Aujourd'hui encore, le dessin de Marco Venanzi par exemple, sans suivre pourtant de façon rigoureusement intime le trait de Jacques Martin, fait vivre les personnages selon ce que la logique de la série a peu a peu développé pendant 70 ans, les dotant par son interprétation très réussie d'une personnalité bien connue des lecteurs et qui, si elle a évolué, maintient cependant ce qu'on appelle une individualité comme celle des personnes réelles que nous connaissons depuis des années. Le trait d'Albertini, la transformation psychologique qu'il imprime aux visages et le comportement qui effectivement en ressort sont une rupture de ce devenir, une rupture d'autant plus choquante que ces albums prétendent s'inscrire dans une période intermédiaire entre
La tiare d'Oribal et la période du classicisme martinien. Si Jacques Martin avait voulu faire d'Aix ce qu'en font ces auteurs, cela se saurait. Or il ne l'a pas fait. Il faut donc respecter sa conception des personnages, même si ceux-ci peuvent et doivent s'enrichir de nouvelles facettes, révéler des aspects inconnus d'eux-mêmes - Jacques Martin l'a lui-même fait avec Enak et ses fluctuations de comportement, mais pas au point où cela deviendrait une torsion totale qui ferait du personnage une caricature de lui-même.

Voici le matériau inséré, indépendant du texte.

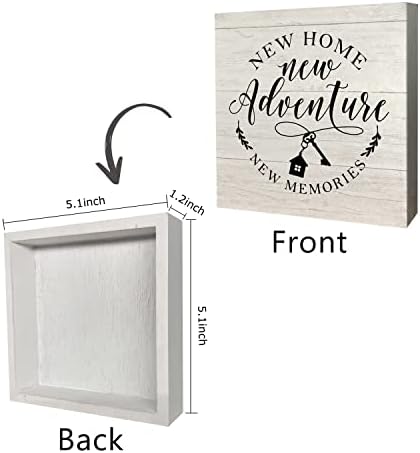 KEUSPI Rustic Wood Block Sign for Home Office Decor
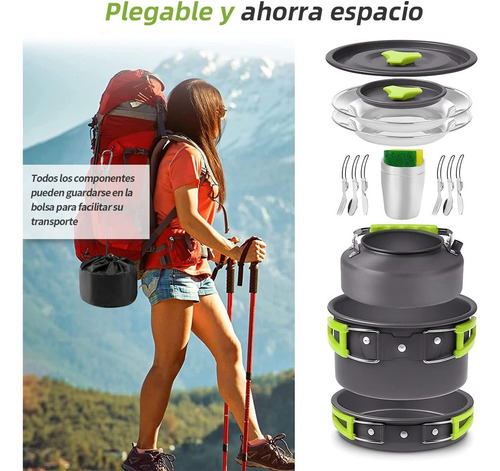Juego De Cocina Camping Antiadherente Y Ligero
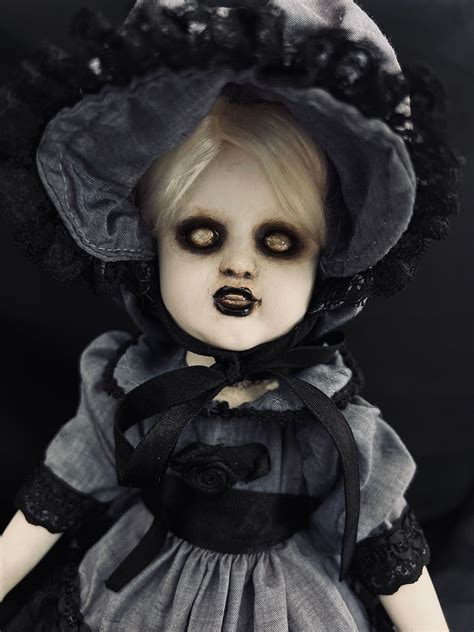 White Hair Creepy Doll Altered Doll Art Doll Blind Eye Etsy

C'est comme si Albertini et David avaient créé un Alix parallèle doté d'autres caractéristiques tout en prétendant l'inscrire dans une continuité. Cela personnellement me heurte aussi car j'y vois une forme d'irrespect consistant à s'emparer d'une série patrimoniale puis d'en faire ce qu'on en veut, et permettant aussi de couvrir de ces prétextes pieux une réelle maladresse. Voyez par exemple comment "Alix Senator" tout en apportant des inflexions majeures à la série tant sur le plan psychologique que le plan graphique, ne donne jamais de tels sentiments, c'est le moins qu'on puisse dire !
Je ne suis pas de ceux qui pensent qu'une continuation doit être une reproduction figée du passé - ce qui n'est absolument pas le cas de ce que fait Marc Jailloux, j'y insiste - et j'accueille plutôt volontiers les renouvellements stylistiques quand ils sont talentueux et capables de porter en eux l'esprit de l'univers qu'ils célèbrent. Je pense par exemple à l'exceptionnel travail de Johan Sfarr et Christophe Blain dans
Amertume apache, qui ont su sublimer l'univers de Blueberry, en le réinterprétant visuellement d'une façon profondément originale et cependant parfaitement juste.

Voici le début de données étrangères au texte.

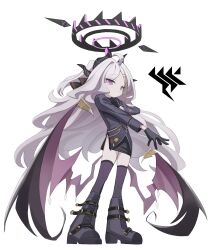 Rule 34 | 1girl, absurdres, atat250, black gloves, black ribbon, black skirt, blue archive, boots, closed mouth, full body, gloves, grey hair, hair ribbon, halo, highres, hina (blue archive), horns, jacket, long hair, low wings, multiple horns, pencil skirt, purple eyes, purple footwear, purple thighhighs, ribbon, simple background, skirt, solo, standing, thighhighs, very long hair, white background, wings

Le problème avec les albums de David et d'Albertini c'est qu'ils manquent justement de ce talent, sauf pour les décors, cela je le reconnais volontiers, je l'avais d'ailleurs dit au moment de la parution de
Veni Vidi Vici. Mais les décors ne sont pas tout : au centre il doit y avoir les personnages crédibles si l'on se place dans la perspective d'un véritable hommage.
Sinon, il faut créer une autre série réellement extérieure et parallèle que je propose d'appeler : Alix Brutus.